» **Work task**: Retype the lines of the listing below exactly, but only those from the one containing "1100 W Jackson" through the last line; pictures stay out.

» **Information supplied**:
* * *
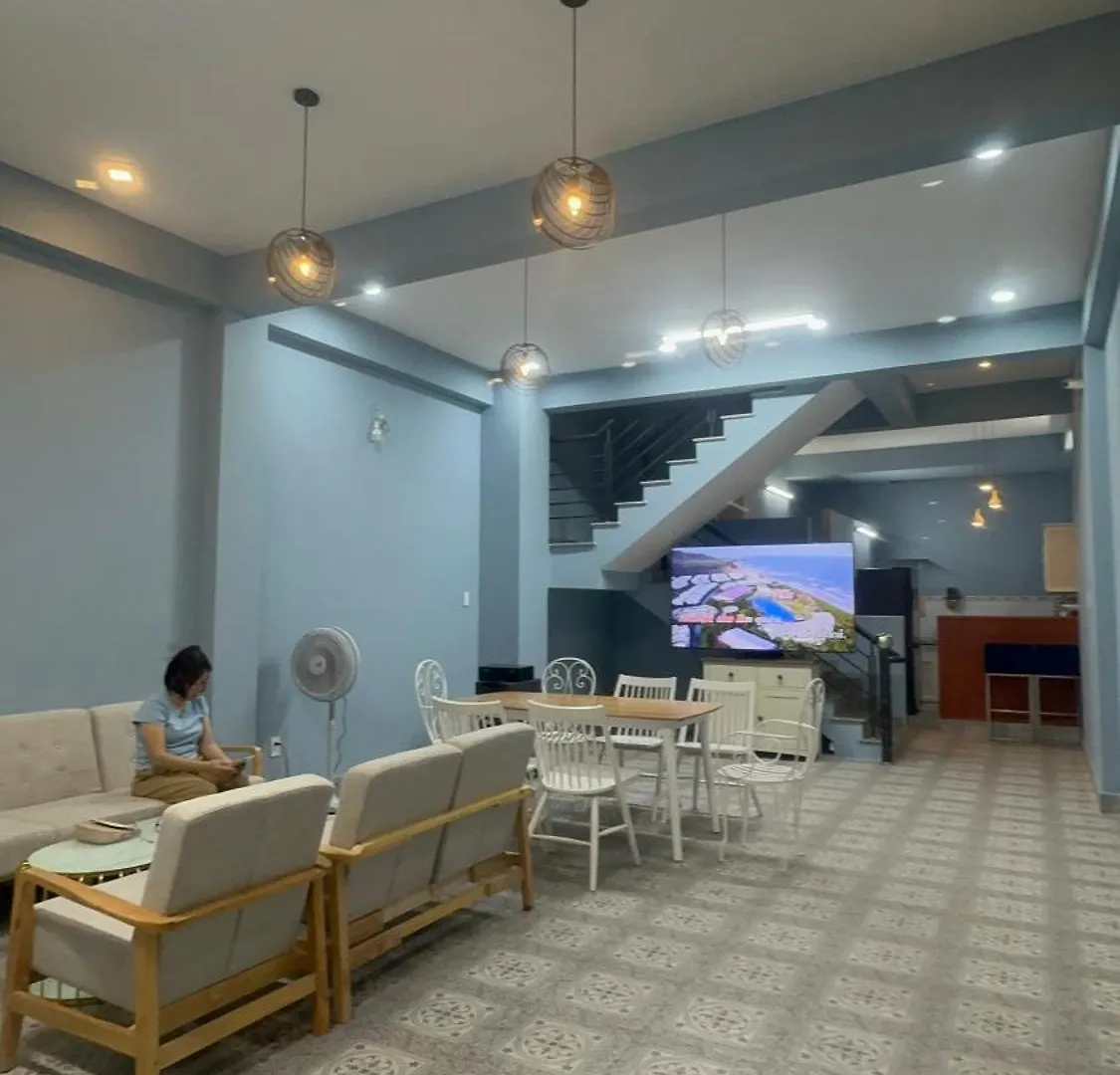 Vung Tau Villa Mini Sat Bien - Gitico Homestay Vung Tau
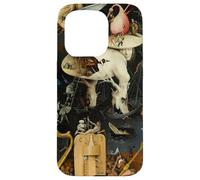 Hieronymus Bosch The Garden of Earthly Delights for Artists Case for iPhone 15 Pro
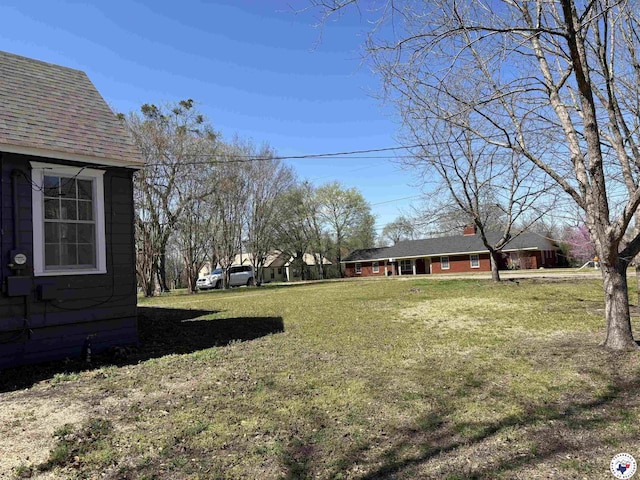 1100 W Jackson St, Clarksville, TX 75426 - view of green lawn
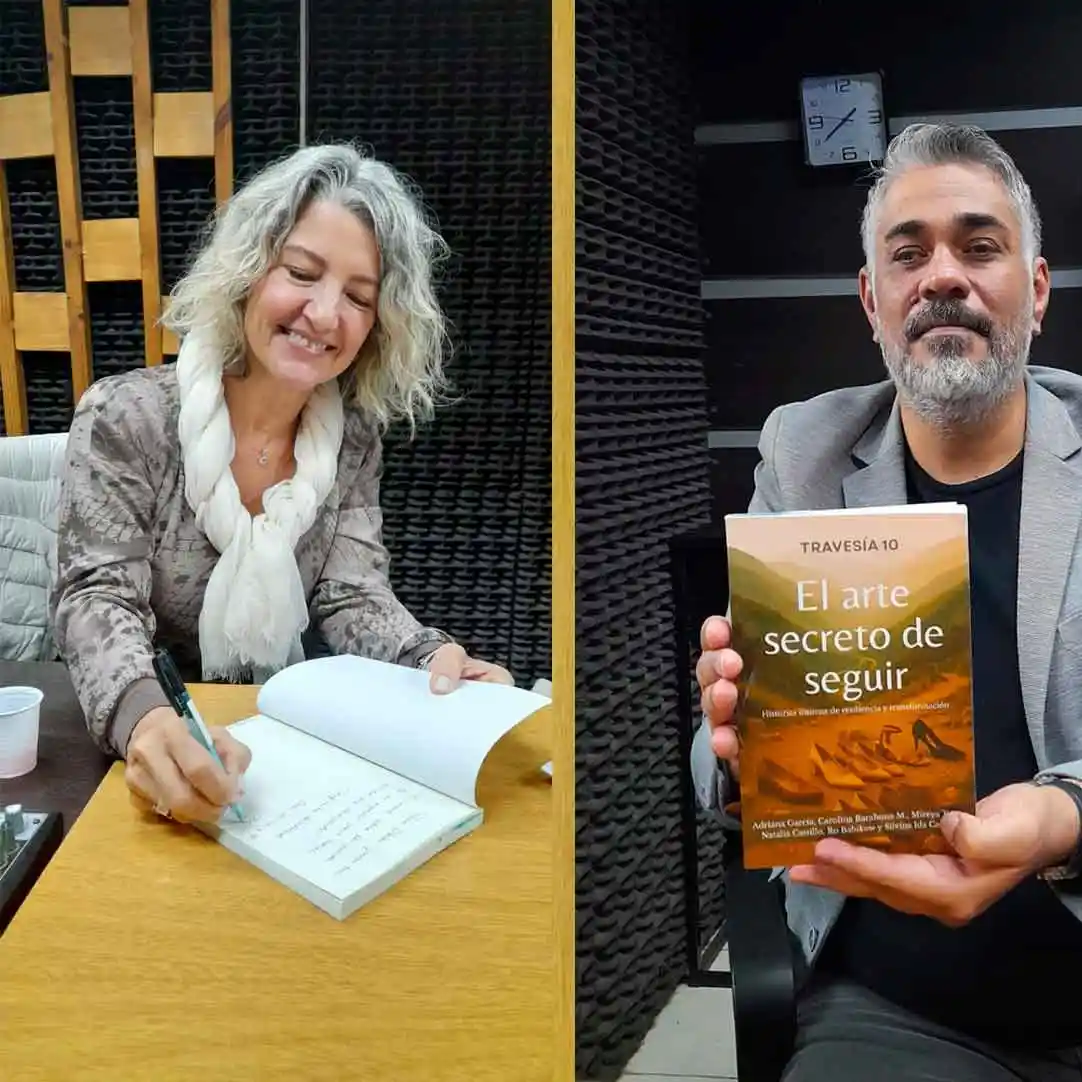 Entrevista a Ro Babikow ''Somos Salud'' por Radio Provincia del Chaco 20 Agosto 2026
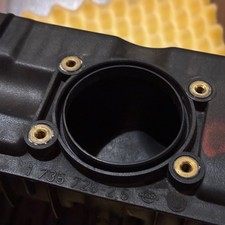 Ansaugbrücke air intake gebraucht kaufen  Dresden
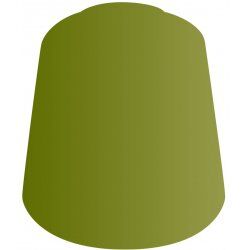 Games Workshop Militarum Green acrylic paint 18 ml Pot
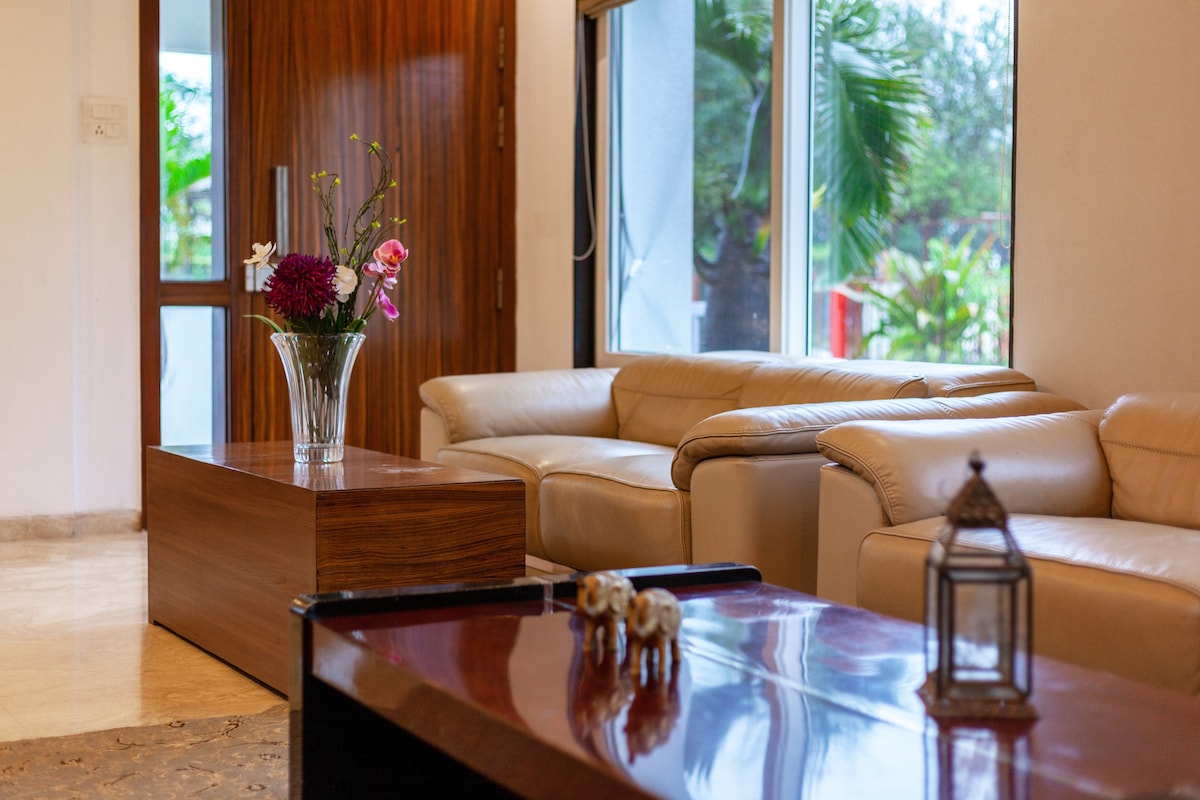 4BHK Luxury Private Pool Villa in Lonavala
* * *
» **Exercise answer**:
 1100 W Jackson St, Clarksville, TX 75426 - view of green lawn
 Entrevista a Ro Babikow ''Somos Salud'' por Radio Provincia del Chaco 20 Agosto 2026
 Ansaugbrücke air intake gebraucht kaufen  Dresden
 Games Workshop Militarum Green acrylic paint 18 ml Pot
 4BHK Luxury Private Pool Villa in Lonavala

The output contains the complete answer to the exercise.